9 de mai. de 2009

have a cigar?

A noite clareava sem pressa e o café que esfriava aquecia muito pouco. Estava em pé e fazia ronda continua por todos os centímetros do mesmo metro quadrado com frio e obrigado a filtrar toda a ansiedade do mundo. Parou depois de alguns minutos para começar a dar pequenos tapas com as palmas das mãos pelas pernas até que previsivelmente tateou os bolsos da calça sem que o achasse e de repente levou a mão ao peito e alcançou a carteira de cigarros no bolso da camisa. Ao lançar um para fora, de maneira ensaiada e praticada diariamente, acendeu fazendo cara de que tinha entendido algo ou lembrado onde havia guardado meia garrafa de uísque. Era a quarta vez que tinha parado de fumar e voltara. Sempre se rendia à sensação da primeira tragada e após 4 meses sem fumar, agora estavam ali os cigarros que comprara numa tentativa de moldar primeiridade à força. Fumou e o sentimento da primeira tragada foi indescritivelmente efêmero - para não gastar palavras - e o cigarro era consumido como se fosse o primeiro do dia, sensação estranha para quem não dormia a três noites. Ao lembrar isso, se enganou por um segundo conferindo no relógio se o sol estava se pondo. Essa dúvida momentânea aumentou o gosto de penúltimo que o cigarro já tinha e contribuiu para que ele durasse menos que o desejado. Ao fim, soprou a fumaça azul que abraçou o horizonte enquanto o toco foi jogado com força desnecessária e sem direção. Recomeçou a andar em volta, mantendo suas pálpebras afastadas como se isso exorcizasse os sonhos. Insônia induzida por ansiedade tinha vários efeitos colaterais e dar vazão a impulsos hedonistas sempre foi o pior deles.

5 de fev. de 2009

despedida I




    Ele olhava com o canto dos olhos vermelhos à procura. O bar estava cheio e era grande e delgado. Foi até o fim, passando por todos e avistou a mesa que mais odiava com ela sentada, cercada por homens que não faziam questão de ser do sexo masculino. Após contato visual estabelecido de ambos lados, sorrisos sinceros na distância que culminaram em um abraço que durou mais que o necessário pelo fato de sentir seu corpo comprimido contra o dela. E foi bom. E mesmo em tal mesa, decidiu sentar para uma bebida. Por causa dela. Ela não se deteve em expressar o que sentia, surpresa e admiração claras no tom de voz e nas expressões corporais. Ela era assim. Se levantava para dançar as músicas que gostava. E sabia dançar de maneira sexy. E sabia gostar de músicas ótimas. Ele forçava uma aparência blasé e pediu um chope claro. Com duas ou três palavras versadas de cada lado ele notou que ela estava ligeiramente ébria e se lembrou do telefonema que havia dado para ela 20 minutos antes.

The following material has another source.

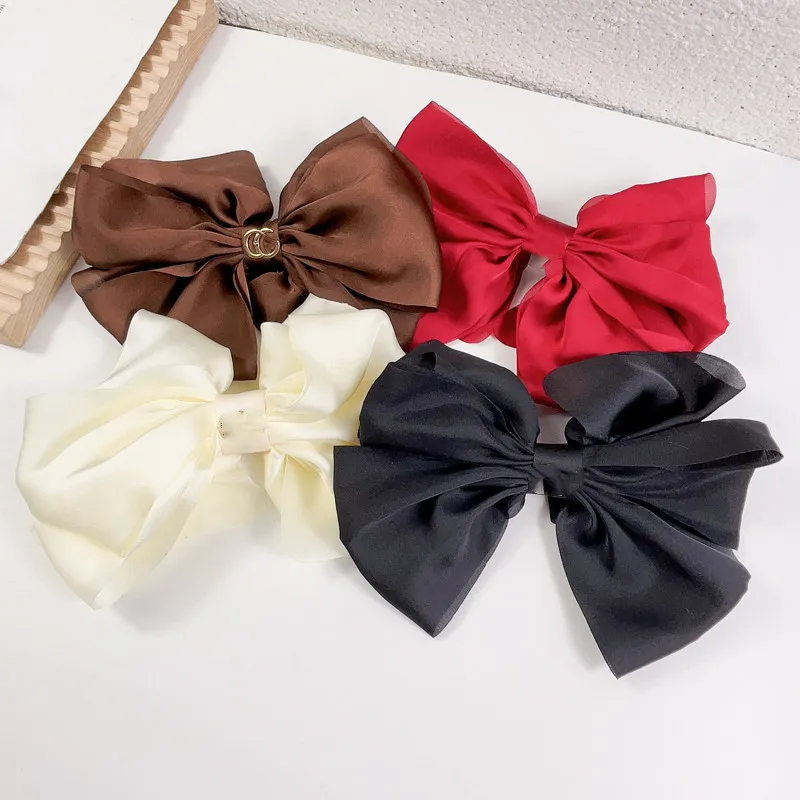 Fermaglio per capelli di lusso Donna Ragazze Barrettes Triangolo G-Lettera Forcina Marca Classico Versatile Tempo libero Fermagli per capelli Moda Accessori per capelli per regalo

A demora para o telefone ser atendido começava a fazer sentido e a disposição das cadeiras confirmava que ela estava acompanhada.
    Mas o agravante foi que o tal era um dos -cromossomicamente falando- homens que maestravam o silêncio instaurado na mesa desde o momento que ele chegou. Não tardou minuto para a mão do outro procurar asilo em seu colo, que se distanciava a cada minuto. E logo foi o beijo. E o que veio depois foi uma constante tentativa da parte dele para não presenciar o amasso que acontecia dentro do mesmo metro quadrado que ele estava. Desviava os olhos mas perifericamente testemunhava e não gostava. “Ela estaria linda se não estivesse em braços de outrem” pensou, aguardando o chope. “Pessoas de passagem não merecem cumprimentos”, pensam os dedos dela se refugiando no cabelo alheio, atordoados pelo cheiro da saliva que compartilhavam em sorrisos etílicos e carinhos de primeira viagem. 
    Ninguém foi apresentado a ninguém. O chope demorou muito para chegar. Ele o tomou quente em 4 goles, se despediu dela e saiu.



11 de jan. de 2009






ele sofria de acracia expressa 
e pela verborréia intercalava 
pensamento profundo 
e sentimento vulgar
- mal disfarçava.

e pressentia a resposta 
olhando fixo e piscando muito, 
buscando detalhes no silêncio 
e escolhendo arrependimentos 
- proibido gesticular.

as pessoas haviam lhe roubaram a solidão,
seu único vício pouco regrado.
mas o óbvio só é visto pelos olhos bem treinados.